Sunday, August 24, 2008

Misspent resources

Time is a zero-sum commodity in the world of editing. At the end of your shift, you've always spent the exact amount you started with. And once you spend it, you can't get it back and start over.

So the whole split-verb thing -- nicely discussed last week in both academic and professional circles -- isn't just irritating because it tends to make for worse-sounding writing, or because it gives people a wrong impression of "rules" and what editors do and don't do with them. Time you spend unsplitting an infinitive, or a perfectly healthy auxiliary-adverb-verb sequence, is almost invariably time that doesn't get spent doing something useful.

What do the fingerprints look like? Let's turn again to the Freep, which seems obsessed with the splitter:

New York Sen. Hillary Clinton never was seriously considered, said two officials involved with the search.

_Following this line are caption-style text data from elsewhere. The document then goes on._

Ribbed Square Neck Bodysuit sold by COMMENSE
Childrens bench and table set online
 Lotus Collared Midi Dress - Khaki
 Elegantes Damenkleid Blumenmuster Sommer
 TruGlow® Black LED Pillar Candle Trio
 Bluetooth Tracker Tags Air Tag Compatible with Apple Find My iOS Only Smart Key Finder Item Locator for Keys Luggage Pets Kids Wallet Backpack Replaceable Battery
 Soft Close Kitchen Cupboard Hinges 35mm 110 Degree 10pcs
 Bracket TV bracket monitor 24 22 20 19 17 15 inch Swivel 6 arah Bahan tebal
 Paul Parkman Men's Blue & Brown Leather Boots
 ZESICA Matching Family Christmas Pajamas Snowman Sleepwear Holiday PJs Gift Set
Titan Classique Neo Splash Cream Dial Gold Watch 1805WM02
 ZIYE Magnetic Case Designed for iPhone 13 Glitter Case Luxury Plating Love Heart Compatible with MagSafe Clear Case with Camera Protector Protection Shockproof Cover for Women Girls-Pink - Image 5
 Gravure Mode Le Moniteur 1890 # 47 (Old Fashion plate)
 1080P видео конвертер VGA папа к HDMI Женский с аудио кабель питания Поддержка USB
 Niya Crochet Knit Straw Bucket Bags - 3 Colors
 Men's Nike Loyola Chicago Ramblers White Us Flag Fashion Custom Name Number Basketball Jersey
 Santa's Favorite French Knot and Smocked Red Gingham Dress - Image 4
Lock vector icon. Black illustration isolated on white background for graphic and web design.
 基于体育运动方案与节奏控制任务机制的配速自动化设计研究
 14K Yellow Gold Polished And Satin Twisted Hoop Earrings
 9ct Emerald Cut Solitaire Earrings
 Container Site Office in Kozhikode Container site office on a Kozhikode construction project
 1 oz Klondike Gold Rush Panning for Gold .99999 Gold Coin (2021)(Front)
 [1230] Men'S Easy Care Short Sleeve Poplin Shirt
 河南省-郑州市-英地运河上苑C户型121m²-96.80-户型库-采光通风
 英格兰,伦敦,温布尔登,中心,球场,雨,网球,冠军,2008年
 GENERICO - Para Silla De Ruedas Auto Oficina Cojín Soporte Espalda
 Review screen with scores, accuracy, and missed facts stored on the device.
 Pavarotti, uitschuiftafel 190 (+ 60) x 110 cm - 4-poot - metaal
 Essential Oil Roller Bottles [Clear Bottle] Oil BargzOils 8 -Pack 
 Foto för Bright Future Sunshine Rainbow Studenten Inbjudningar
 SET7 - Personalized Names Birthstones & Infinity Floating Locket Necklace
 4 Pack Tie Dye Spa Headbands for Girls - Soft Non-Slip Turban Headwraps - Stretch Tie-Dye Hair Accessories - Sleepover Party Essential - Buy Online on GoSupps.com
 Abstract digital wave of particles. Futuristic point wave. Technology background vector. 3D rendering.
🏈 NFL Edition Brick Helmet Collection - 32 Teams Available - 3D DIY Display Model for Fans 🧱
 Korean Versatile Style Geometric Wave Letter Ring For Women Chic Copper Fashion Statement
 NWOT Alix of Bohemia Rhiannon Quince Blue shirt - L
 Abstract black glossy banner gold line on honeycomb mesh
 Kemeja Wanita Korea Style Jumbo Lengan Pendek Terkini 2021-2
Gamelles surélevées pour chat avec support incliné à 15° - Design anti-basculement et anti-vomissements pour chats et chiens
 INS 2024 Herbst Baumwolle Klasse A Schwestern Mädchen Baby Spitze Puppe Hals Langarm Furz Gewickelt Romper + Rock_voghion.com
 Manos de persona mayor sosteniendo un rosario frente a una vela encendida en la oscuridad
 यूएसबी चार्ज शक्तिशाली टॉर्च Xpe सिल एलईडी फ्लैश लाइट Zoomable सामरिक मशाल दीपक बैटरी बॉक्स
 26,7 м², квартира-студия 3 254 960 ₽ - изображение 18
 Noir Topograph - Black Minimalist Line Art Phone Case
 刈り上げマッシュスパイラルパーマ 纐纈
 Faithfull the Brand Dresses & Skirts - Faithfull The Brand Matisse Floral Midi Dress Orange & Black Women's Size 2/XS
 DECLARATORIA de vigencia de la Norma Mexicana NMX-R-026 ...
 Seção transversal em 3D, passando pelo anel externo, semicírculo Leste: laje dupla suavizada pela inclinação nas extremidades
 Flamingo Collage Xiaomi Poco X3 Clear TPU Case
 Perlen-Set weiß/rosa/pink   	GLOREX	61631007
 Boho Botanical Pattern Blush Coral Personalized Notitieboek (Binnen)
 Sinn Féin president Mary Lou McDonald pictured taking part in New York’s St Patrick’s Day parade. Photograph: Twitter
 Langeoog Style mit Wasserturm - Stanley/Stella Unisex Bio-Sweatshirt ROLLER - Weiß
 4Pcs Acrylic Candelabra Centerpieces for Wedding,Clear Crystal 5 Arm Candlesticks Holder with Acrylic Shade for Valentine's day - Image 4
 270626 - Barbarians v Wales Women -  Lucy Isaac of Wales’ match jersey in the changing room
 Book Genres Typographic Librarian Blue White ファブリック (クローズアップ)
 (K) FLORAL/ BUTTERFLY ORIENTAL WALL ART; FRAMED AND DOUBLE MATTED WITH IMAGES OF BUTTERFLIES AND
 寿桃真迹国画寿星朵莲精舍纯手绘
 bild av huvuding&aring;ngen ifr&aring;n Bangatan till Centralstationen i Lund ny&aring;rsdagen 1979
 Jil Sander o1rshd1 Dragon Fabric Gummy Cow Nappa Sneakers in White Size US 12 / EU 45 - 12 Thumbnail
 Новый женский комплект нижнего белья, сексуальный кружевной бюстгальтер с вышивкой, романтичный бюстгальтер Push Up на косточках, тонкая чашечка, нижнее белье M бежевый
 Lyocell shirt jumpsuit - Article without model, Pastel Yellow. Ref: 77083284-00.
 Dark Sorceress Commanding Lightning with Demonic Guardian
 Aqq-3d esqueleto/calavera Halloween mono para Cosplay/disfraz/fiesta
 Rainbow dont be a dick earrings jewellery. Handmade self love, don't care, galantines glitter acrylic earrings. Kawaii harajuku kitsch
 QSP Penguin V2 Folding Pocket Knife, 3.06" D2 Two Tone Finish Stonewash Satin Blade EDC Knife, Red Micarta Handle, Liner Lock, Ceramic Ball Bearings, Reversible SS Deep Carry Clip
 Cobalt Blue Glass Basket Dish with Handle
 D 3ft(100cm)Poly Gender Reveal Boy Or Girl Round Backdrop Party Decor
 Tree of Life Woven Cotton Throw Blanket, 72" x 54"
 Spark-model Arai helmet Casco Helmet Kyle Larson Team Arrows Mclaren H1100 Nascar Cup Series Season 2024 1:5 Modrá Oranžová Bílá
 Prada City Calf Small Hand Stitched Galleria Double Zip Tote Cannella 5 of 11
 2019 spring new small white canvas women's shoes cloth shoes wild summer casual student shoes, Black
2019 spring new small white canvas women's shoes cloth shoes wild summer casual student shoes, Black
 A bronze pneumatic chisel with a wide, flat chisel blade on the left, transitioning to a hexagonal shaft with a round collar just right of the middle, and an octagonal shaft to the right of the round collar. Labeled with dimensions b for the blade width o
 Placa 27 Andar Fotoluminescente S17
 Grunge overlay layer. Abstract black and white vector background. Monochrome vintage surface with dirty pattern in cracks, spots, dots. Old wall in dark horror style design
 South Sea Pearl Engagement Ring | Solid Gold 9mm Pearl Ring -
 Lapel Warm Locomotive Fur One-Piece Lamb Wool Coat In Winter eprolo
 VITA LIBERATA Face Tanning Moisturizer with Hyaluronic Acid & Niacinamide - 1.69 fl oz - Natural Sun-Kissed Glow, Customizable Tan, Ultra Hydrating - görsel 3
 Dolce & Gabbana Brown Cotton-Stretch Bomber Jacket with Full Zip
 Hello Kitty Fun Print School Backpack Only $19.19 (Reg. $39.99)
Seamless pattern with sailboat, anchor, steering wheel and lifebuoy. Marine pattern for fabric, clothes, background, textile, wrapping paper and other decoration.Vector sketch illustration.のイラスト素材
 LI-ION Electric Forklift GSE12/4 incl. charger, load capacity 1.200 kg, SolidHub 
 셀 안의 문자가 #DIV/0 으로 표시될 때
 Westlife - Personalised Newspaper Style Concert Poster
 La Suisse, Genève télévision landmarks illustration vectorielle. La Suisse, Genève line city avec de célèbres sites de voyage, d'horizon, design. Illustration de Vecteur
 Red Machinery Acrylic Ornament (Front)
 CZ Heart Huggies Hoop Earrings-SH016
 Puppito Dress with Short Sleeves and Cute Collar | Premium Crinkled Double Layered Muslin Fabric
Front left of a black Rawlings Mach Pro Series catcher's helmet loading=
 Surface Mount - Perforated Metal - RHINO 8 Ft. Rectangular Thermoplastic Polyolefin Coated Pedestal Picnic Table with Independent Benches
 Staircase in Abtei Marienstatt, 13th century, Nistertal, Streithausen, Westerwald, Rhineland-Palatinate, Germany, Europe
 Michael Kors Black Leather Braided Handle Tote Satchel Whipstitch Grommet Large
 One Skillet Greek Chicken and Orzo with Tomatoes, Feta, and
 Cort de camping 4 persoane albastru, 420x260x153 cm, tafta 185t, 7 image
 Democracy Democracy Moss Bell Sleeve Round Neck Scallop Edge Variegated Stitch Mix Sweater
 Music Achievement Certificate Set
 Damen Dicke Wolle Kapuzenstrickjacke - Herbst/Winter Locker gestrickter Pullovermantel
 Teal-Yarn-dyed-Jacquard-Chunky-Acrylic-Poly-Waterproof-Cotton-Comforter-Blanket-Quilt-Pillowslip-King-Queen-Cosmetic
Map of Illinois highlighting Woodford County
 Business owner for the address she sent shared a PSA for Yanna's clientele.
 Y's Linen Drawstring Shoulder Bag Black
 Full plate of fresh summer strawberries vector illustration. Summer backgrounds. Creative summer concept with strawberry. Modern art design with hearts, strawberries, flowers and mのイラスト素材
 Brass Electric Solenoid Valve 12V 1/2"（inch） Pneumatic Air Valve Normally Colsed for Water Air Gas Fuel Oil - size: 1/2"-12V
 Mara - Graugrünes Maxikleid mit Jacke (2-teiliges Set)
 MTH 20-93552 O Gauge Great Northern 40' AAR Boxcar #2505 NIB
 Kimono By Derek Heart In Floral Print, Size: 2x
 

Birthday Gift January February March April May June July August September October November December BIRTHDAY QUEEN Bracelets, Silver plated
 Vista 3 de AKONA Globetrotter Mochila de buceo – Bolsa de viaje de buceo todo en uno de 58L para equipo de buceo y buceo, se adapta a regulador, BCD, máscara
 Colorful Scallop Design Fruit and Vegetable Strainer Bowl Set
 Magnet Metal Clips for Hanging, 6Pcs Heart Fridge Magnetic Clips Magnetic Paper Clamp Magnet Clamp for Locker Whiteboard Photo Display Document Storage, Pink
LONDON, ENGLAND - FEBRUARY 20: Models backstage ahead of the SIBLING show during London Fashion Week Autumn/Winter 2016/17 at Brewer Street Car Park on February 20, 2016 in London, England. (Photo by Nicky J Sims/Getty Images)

Is that what the AP transmitted? Well ...

Hillary Rodham Clinton, who ran so closely to Obama in the primary, was never seriously considered, said two officials involved with the search.

So the Freep desk made a couple of style tweaks (adding the title*, deleting the "Rodham") and tightened out the relative clause (fine; I'm thinking "closely" is a hypercorrection anyway). But the "never was" -- that's a local embellishment that seems to have no justification whatsoever. (How the "seriously" escaped notice, I can't say.)

So what's the big deal? It's a little thing, but it's a little thing done in lieu of other little things, or parts of big things. In the time it took to turn "was never" into "never was," you could have ... oh, thrown a coffee cup at the person who thought it was a good idea to put "begorra" in the 1A reefer to the travel piece about Ireland.

Or should the resources that went into that change have gone into something bigger? Well, let's look at the 1A big type -- say, the deck on the top story: "Obama, Biden speeches chuck punches at McCain, GOP." Take a Google spin with "chuck a punch" and see if that looks like the right idiom to you.**

Downpage: "Ram's strength hoped to crush market woes." Makes sense if it's active, but that doesn't look like what the writer meant with "Chrysler LLC hopes for the same in the once-reliable U.S. pickup market as it launches the redesigned Dodge Ram." So we're supposed to read this as "Ram's strength is hoped to crush market woes," but can "hope" take a direct object and an infinitive? Chrysler hopes the Ram's strength to crush market woes?

So yes, a little more attention to the show-window heds would have been nice. But in an ideal world, I'd really like to see that energy go into the 6A package called "Biden has made more than a few verbal gaffes." Specifically:

"I mean, you got the first mainstream African American who is articulate and bright and clean and a nice-looking guy."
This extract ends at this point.